One of the more stylish nightspots to open in downtown Vero in years debuted over the weekend with a menu as meat-forward as its name: Swine & Co. Kitchen and Bar.
What was once the Tuscan-themed exterior of Avanzare, at the southern end of the 14th Avenue arts district, is now an industrial-chic slate gray. Inside, in two rooms, long wood tables seat from 6 to 14, with bare-bulb chandeliers for lighting.
Evocative of farm-to-table but free of any new-food taboos, the menu of Swine & Co. is in the hands of chef Mike VanBuskirk, former chef of Cobalt at the Vero Beach Hotel and Spa, and one-time sous-chef in charge of the kitchen at the Orchid Island Golf Club.
A graduate of Indian River State College Culinary Institute, VanBuskirk worked under Orchid’s executive chef Chris Sozio, an 18-year veteran of John’s Island Club and graduate of Culinary Institute of America.
VanBuskirk came to the attention of husband-and-wife Nick and Angela Novak and their longtime friend Johnny Scharr as they sought a fine-dining chef for their new 14th Avenue space.
It’s a space that would make a professional restaurant design firm proud.
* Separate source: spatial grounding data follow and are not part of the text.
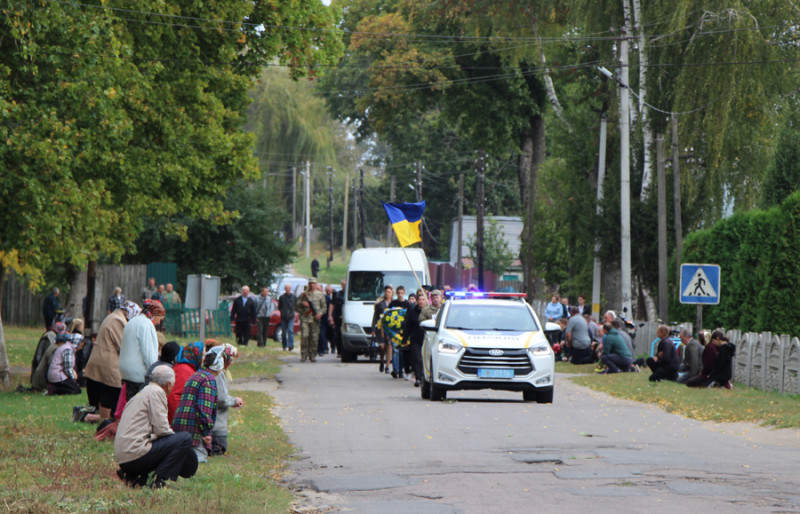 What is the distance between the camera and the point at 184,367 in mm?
12781

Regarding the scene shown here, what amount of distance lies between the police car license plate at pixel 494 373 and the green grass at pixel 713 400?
2722mm

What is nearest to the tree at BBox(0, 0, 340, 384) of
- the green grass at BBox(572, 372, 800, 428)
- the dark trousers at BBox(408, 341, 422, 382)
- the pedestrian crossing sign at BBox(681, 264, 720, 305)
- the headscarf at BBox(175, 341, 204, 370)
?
the dark trousers at BBox(408, 341, 422, 382)

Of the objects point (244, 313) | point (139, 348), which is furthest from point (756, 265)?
point (139, 348)

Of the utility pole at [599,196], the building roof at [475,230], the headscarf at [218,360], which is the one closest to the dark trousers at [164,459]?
the headscarf at [218,360]

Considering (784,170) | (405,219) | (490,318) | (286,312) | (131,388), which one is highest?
(784,170)

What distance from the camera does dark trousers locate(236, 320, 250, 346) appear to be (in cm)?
3675

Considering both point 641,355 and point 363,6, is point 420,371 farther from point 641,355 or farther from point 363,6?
point 363,6

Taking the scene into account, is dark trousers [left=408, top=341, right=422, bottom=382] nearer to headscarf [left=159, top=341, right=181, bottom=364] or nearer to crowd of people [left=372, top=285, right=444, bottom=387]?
crowd of people [left=372, top=285, right=444, bottom=387]

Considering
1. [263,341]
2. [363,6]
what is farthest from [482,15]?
[263,341]

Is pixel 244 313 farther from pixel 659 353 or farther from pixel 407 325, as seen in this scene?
pixel 659 353

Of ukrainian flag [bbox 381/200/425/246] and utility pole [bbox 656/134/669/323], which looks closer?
ukrainian flag [bbox 381/200/425/246]

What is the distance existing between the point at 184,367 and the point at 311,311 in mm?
17423

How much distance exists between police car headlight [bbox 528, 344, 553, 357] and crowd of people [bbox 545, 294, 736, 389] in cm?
449

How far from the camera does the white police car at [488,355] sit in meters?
19.1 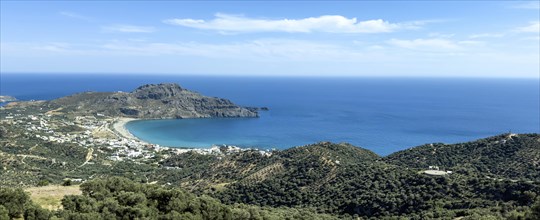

After the trio got the keys to the building last Valentine’s Day, they raised the low ceiling with plywood sheets painted black, laid distressed wood planks as siding behind the bar and put in a patinaed concrete floor.
Seamless black chalkboards that cover much of the wall space have been put to excellent use by the calligraphy and imagery of Scharr, whose artistic talents were clearly underutilized at Riverside Café, where he tended bar for many years, and the old Black Pearl restaurant, where he was front-of-the house manager.
Under “Shareables” and “Supper,” the farmhand-friendly fare includes hanger steak, smoked brisket and Kansas City-style “burnt ends,” the blackened snippets from the narrow end of the brisket.
“Handhelds” include short rib sliders, a pork stack sandwich with green tomato, and the “company” burger: a mix of pork and brisket in the patty, topped with bacon jam and barbecue sauce. Sides are mostly southern-themed: succotash, collard greens, and dumpling mac and cheese. But there are salads, including one with quinoa, and meatless offerings including ratatouille, shrimp and grits, and fried catfish on a cornbread and cream puree – a favorite at the soft opening.
That all gets cooked up in a closed-off kitchen in the back, outfitted with a 10-burner stove and some smokers for the barbecue meats.
The logo, a simple outline of a pig with lettering beneath, was designed by Angela Novak.
The name, which appears in foot-high letters across the bar room, is a tongue-in-jowl reference to the Novaks’ other establishment, Filthy’s Fine Cocktails and Beer. That bar, popular with a younger crowd, features live music and creative cocktails, including some they bottle on premises.
Swine & Co. won’t have live music but the sound track will skew toward blues and indie rock – “geared for any age group,” the owners say.
Wines by the glass come in three categories: tasty, interesting and delicious, priced accordingly ($6, $9, $12). By the bottle, wines start at a $22 and go up to $65.
Tending bar at Swine is Jacob Turner, son of well-known retired firefighter Toby Turner. Jacob is a three-year veteran of Filthy’s.
“He just has a clear vision on cocktails,” says Angela Novak, who developed a drinks menu with Jacob that includes advanced mixology tools like a centrifuge and liquid nitrogen.
“We use the centrifuge to separate liquors that are poured into a chilled glass,” explains Novak, who saw the technique on a visit to craft cocktail bar Booker and Dax in New York’s East Village. “We made a mojito with mint solidified with the nitro then crushed into a powder and it makes a really intensely flavored drink.”
The Novaks, parents of an 8-month-old boy, Sawyer, both moved to Vero at age 3; they began dating in high school and married in 2013.
“We met at Big Apple Pizza out on SR 60,” says Angela. “Nick was a delivery driver and I was a server.”
The restaurant is open seven days a week from 4 p.m. to 10 p.m.